Skarby parami

Bardzo lubię skarby, czyli łamigłówkową wersję komputerowego sapera. To klasyka wysokiej próby – wzorcowy, wręcz szkolny przykład wnioskowania dedukcyjnego. Na dłuższą metę oczywiście sztampa, jak każdy rodzaj łamigłówki serwowany w nadmiarze, ale urokliwa i zaraźliwa. Można wpaść w nałóg podobny do tego, który dopadał amatorów sudoku – znam przynajmniej kilka osób, które do dziś z nałogu się nie wyleczyły i w wolnych chwilach „pokątnie” wpisują cyfry w kratki.
Saperowi i skarbom poświęciłem przed trzema laty serię wpisów zaczynającą się tu, ale nadarza się okazja, by do tematu powrócić. Tureccy główkołamacze od roku serwują nową odmianę skarbów, formalnie nieznacznie różniącą się od wersji klasycznej, ale „nieznacznie” robi sporą różnicę w rozwiązywaniu. Sprawia, że wnioskowanie staje się bardziej zawiłe, więc wymaga intensywniejszego ruszania głową.

Zacznę od przypomnienia klasyki:

Cyfra w danym polu oznacza, w ilu sąsiednich kratkach – stykających się z polem z cyfrą bokiem lub rogiem – znajduje się skarb. W polach z cyframi skarbów nie ma. Należy oznaczyć wszystkie skarby (jak w małym przykładzie obok).
Wnioskowanie jest proste i piękne, rozwiązuje się jak po sznurku – szybko i przyjemnie.

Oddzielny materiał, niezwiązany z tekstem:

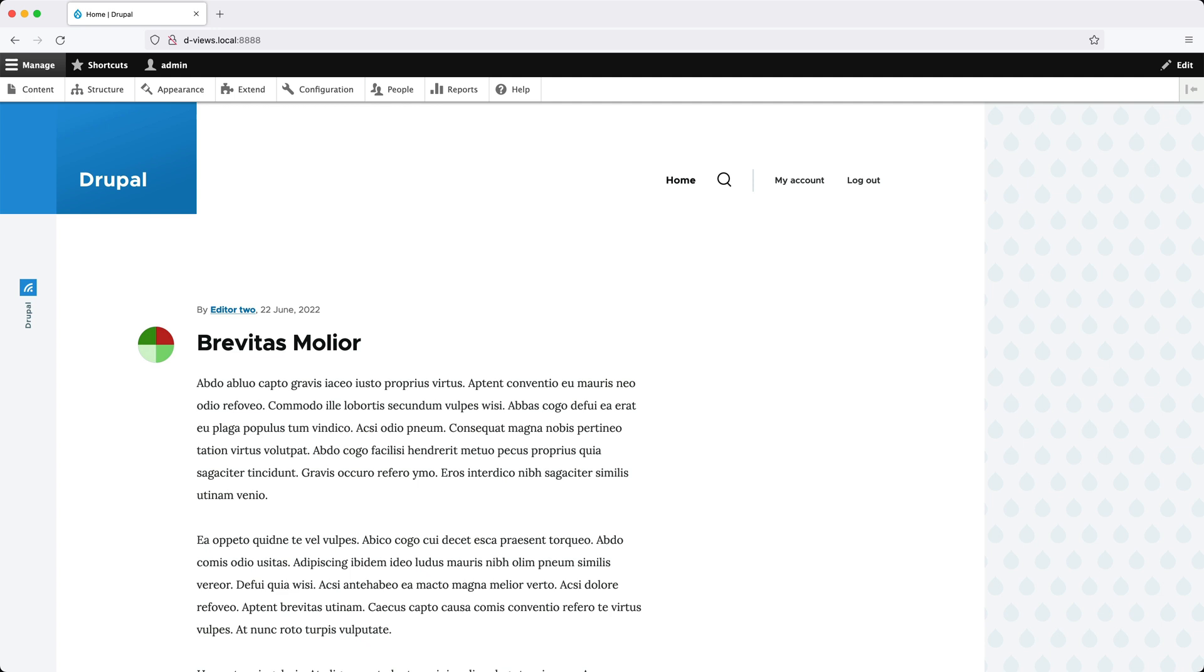Views comes with Drupal, so you won't have to download any extra modules. It's automatically installed if you use the standard installation profile. Many pages in Drupal are built using Views.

Turecka nowość sprowadza się do krótkiego uzupełnienia reguł:
w kratce mogą znajdować się także dwa skarby.
Na przykład, skarby znajdujące się w polach otaczających cyfrę 2, mogą być umieszczone w dwu różnych kratkach lub w jednej. Zatem liczba możliwości ich rozmieszczenia wzrasta, co konkretnie i wyraźnie widać na prostym przykładzie, gdy cyfra jest w rogu diagramu:

Gdy A = 1, to możliwości jest tyle samo w klasyce (K) i nowości (N) – po 3.
Jeśli A = 2, wówczas K = 3, N = 6.
Gdy A = 3, to K = 1, N = 7.
Nietrudno zauważyć, że w związku z tym wnioskowanie dla N staje się bardziej „pokrętne” niż dla K. Zwięźle i obrazowo, choć niezbyt ściśle, można tę różnicę przedstawić tak:
W klasycznej wersji zwykle wnioskujemy:
A lub B; jeśli A to A1, jeśli A1 to A2: nie A2, więc nie A, czyli B.
W dwuskarbowym wariancie przeciętny ciąg wniosków staje się dłuższy i szerszy, czyli np.:
A lub B lub C; jeśli A to A1 lub A2, jeśli A1 to A1’… itd.
Krótko mówiąc, na poszczególnych etapach wnioskowania pojawia się więcej wariantów alternatyw do rozpatrzenia.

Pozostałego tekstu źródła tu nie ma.